A familiar cruise ship visitor has returned to Gibdock, with the Gibraltar yard undertaking exacting repair and renewal work on Thomson Majesty, the Thomson-operated luxury vessel owned by Louis Cruises.
The project involved two weeks in Gibdock’s No. 1 dock for the 207m loa (41,000gt) vessel within a fixed schedule, after Thomson Majesty came off her summer port rotations, in preparation for her regular winter cruising duties. The vessel left the dock on November 18, before departing the yard on November 21.
“Gibraltar is a popular destination for cruise ship calls, and it is especially satisfying when Gibdock’s capabilities for on-schedule high quality work are vindicated by a high-profile owner in the luxury cruise market,” said Richard Beards, Gibdock Managing Director. “The yard makes a vital contribution to the economy of Gibraltar, and is proactive in its service provision in this specialised ship market.
“Gibraltar Port Authority continues to make strong efforts to attract cruise ship calls, and we are delighted to showcase how our capabilities continue to align with the Gibraltar’s wider aims. It has also been a pleasure to renew our longstanding relations with Louis Cruises.”
The docking of Thomson Majesty coincided with the ship’s intermediate special survey. In addition to high pressure hull-washing and a new antifouling coating, the renewal of seals on one stabiliser and one stern thruster, pipework and anchor chain renewals and propeller polishing, the project’s scope included extensive steelworks in way of the double bottom tanks and engine tank tops. Fourteen of the ship’s lifeboats were lifted ashore for inspection and bracket renewal, while davits were also tested.
Crysanthos Crysanthou, Technical Manager, Optimum Ship Management Services, Greece, which represented the owner on this project, said: “We are delighted with the efficient way that Gibdock handled the various items of work required on Thomson Majesty, ensuring that she left the yard on schedule.
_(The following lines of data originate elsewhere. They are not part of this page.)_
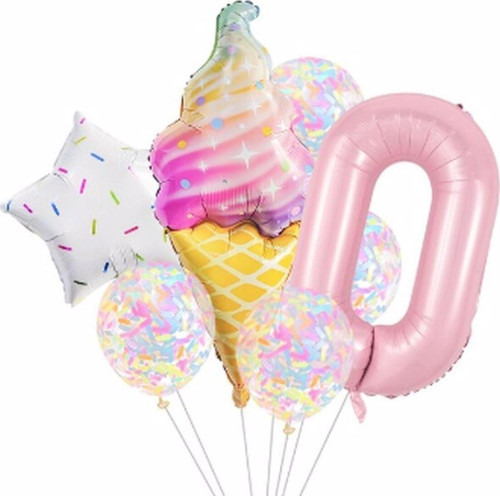 Dondurma 0 Yaş Balon Set Yıldız Balon Folyo Set Ice Cream Dondurma Konsept Doğum Günü Set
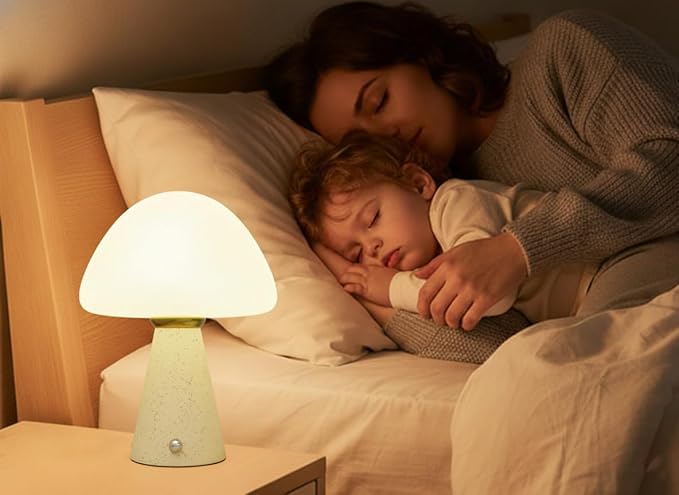 10.2 inch Mushroom Lamp, Cute Cordless Rechargeable Table Lamp with Glass Shade, 3 Color Temps LED Dimmable Ambient Lighting, Small Retro Touch Bedside Light for Decor, Resin Base.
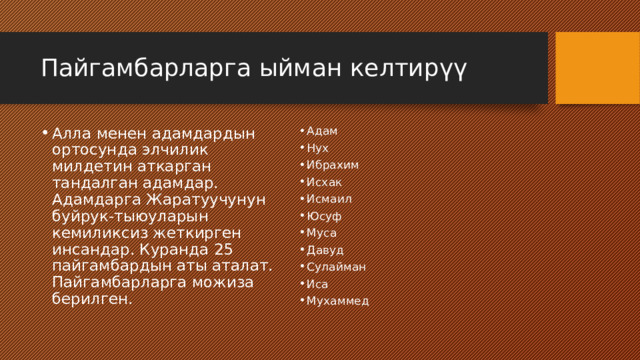 Пайгамбарларга ыйман келтирүү Алла менен адамдардын ортосунда элчилик милдетин аткарган тандалган адамдар. Адамдарга Жаратуучунун буйрук-тыюуларын кемиликсиз жеткирген инсандар. Куранда 25 пайгамбардын аты аталат. Пайгамбарларга можиза берилген. Адам Нух Ибрахим Исхак Исмаил Юсуф Муса Давуд Сулайман Иса Мухаммед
For cruise ships, with pre-planned itineraries, there is no scope for any delays, and having used the yard before, we were confident that they would redeliver as promised – which they did! The location of the yard was also ideal for Thomson Majesty, which is currently undertaking a series of Mediterranean and Canary Islands cruises, meaning there was minimal deviation from its primary routes.”
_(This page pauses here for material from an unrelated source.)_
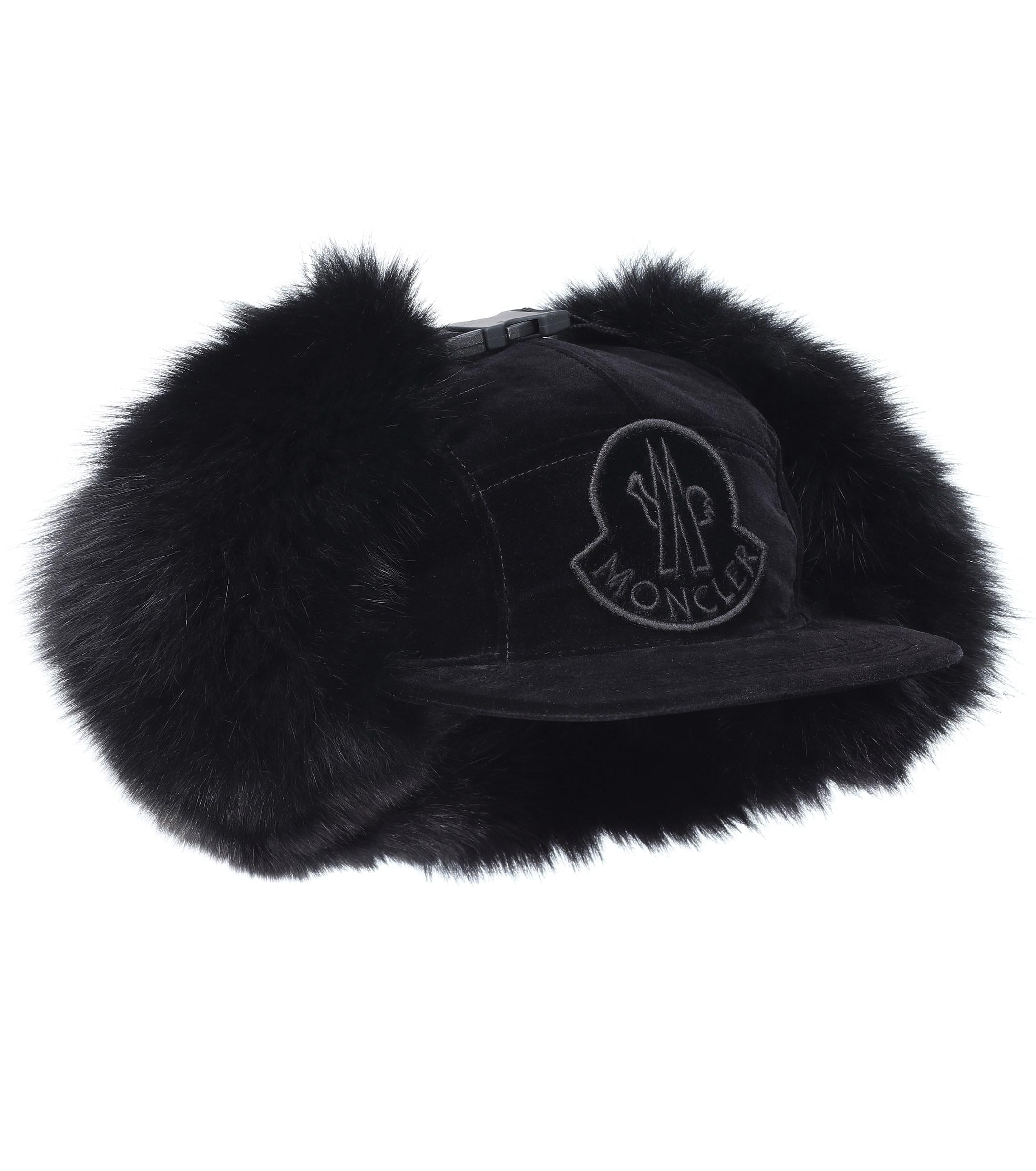 Moncler Furlined Cotton Trapper Hat in Black Lyst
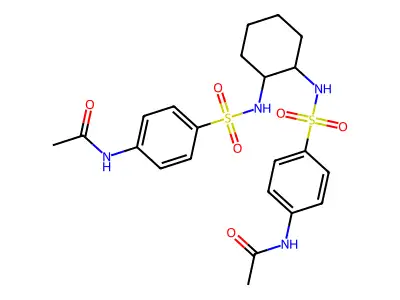 N-[4-[[2-[(4-acetamidophenyl)sulfonylamino]cyclohexyl]sulfamoyl]phenyl]acetamide structure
A part of the project required access holes to be cut into sections of the ship’s flat bottom. A prior inspection of the ship in Las Palmas and detailed measurements were carried out by Gibdock project manager Jonathan Pocock. “It was essential that the ship was repaired to the highest standards, but also in and out of the yard on time for her next cruise,” said Mr Pocock. “By pre-planning, we were able to prefabricate steel sections and optimise work processes during the project.”
Mr Beards added: “Our location at the gateway of the Mediterranean brings us to the attention of the cruise ship market, but we know that it is only by redelivering ships on time, on budget and to the highest quality standards that we have continued to hold that attention.”